===== Data provided =====

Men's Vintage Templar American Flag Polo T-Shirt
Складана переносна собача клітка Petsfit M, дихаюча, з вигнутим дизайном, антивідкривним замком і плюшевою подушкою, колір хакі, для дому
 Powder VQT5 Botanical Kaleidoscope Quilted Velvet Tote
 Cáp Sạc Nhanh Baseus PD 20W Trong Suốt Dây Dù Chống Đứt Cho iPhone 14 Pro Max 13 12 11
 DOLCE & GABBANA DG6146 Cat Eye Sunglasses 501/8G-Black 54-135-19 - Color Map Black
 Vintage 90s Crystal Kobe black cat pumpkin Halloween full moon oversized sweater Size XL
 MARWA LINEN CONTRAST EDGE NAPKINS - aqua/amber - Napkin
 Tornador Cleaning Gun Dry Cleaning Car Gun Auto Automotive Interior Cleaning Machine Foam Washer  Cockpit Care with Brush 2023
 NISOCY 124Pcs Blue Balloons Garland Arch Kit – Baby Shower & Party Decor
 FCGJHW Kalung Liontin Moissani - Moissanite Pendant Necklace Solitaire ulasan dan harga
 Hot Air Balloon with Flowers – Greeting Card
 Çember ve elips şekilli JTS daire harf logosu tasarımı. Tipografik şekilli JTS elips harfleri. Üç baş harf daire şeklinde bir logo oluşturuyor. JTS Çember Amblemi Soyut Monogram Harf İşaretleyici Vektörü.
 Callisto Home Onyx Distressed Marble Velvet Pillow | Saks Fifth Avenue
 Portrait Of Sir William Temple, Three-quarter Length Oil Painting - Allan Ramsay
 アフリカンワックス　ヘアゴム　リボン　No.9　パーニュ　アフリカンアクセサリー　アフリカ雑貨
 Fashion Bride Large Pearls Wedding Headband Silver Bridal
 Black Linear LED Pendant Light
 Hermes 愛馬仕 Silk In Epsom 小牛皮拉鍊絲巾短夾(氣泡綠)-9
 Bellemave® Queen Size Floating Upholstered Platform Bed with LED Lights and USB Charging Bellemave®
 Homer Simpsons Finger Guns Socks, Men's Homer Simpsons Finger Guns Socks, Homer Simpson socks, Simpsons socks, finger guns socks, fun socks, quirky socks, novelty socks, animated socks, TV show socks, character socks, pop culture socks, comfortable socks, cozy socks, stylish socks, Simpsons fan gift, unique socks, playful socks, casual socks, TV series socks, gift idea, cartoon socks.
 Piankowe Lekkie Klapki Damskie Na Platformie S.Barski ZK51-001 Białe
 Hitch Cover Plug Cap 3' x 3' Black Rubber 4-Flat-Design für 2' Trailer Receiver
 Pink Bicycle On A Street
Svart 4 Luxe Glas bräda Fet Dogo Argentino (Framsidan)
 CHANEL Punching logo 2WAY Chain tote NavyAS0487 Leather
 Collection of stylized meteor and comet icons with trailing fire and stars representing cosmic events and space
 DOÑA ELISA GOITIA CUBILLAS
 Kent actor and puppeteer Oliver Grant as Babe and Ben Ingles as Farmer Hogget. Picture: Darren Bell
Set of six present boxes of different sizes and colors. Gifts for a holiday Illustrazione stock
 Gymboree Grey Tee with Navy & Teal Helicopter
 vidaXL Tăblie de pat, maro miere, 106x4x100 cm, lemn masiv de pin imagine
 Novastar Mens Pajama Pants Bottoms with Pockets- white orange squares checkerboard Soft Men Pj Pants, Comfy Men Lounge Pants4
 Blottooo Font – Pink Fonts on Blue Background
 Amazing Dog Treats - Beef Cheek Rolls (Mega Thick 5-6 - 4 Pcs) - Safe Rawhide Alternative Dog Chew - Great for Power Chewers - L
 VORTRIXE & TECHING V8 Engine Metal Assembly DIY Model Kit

=====

Task instructions:
All that belongs in your answer is the stretch of entries above from the line with "Складана переносна собача" through the line with "アフリカンワックス　ヘアゴム", printed exactly.

Response below:
Складана переносна собача клітка Petsfit M, дихаюча, з вигнутим дизайном, антивідкривним замком і плюшевою подушкою, колір хакі, для дому
 Powder VQT5 Botanical Kaleidoscope Quilted Velvet Tote
 Cáp Sạc Nhanh Baseus PD 20W Trong Suốt Dây Dù Chống Đứt Cho iPhone 14 Pro Max 13 12 11
 DOLCE & GABBANA DG6146 Cat Eye Sunglasses 501/8G-Black 54-135-19 - Color Map Black
 Vintage 90s Crystal Kobe black cat pumpkin Halloween full moon oversized sweater Size XL
 MARWA LINEN CONTRAST EDGE NAPKINS - aqua/amber - Napkin
 Tornador Cleaning Gun Dry Cleaning Car Gun Auto Automotive Interior Cleaning Machine Foam Washer  Cockpit Care with Brush 2023
 NISOCY 124Pcs Blue Balloons Garland Arch Kit – Baby Shower & Party Decor
 FCGJHW Kalung Liontin Moissani - Moissanite Pendant Necklace Solitaire ulasan dan harga
 Hot Air Balloon with Flowers – Greeting Card
 Çember ve elips şekilli JTS daire harf logosu tasarımı. Tipografik şekilli JTS elips harfleri. Üç baş harf daire şeklinde bir logo oluşturuyor. JTS Çember Amblemi Soyut Monogram Harf İşaretleyici Vektörü.
 Callisto Home Onyx Distressed Marble Velvet Pillow | Saks Fifth Avenue
 Portrait Of Sir William Temple, Three-quarter Length Oil Painting - Allan Ramsay
 アフリカンワックス　ヘアゴム　リボン　No.9　パーニュ　アフリカンアクセサリー　アフリカ雑貨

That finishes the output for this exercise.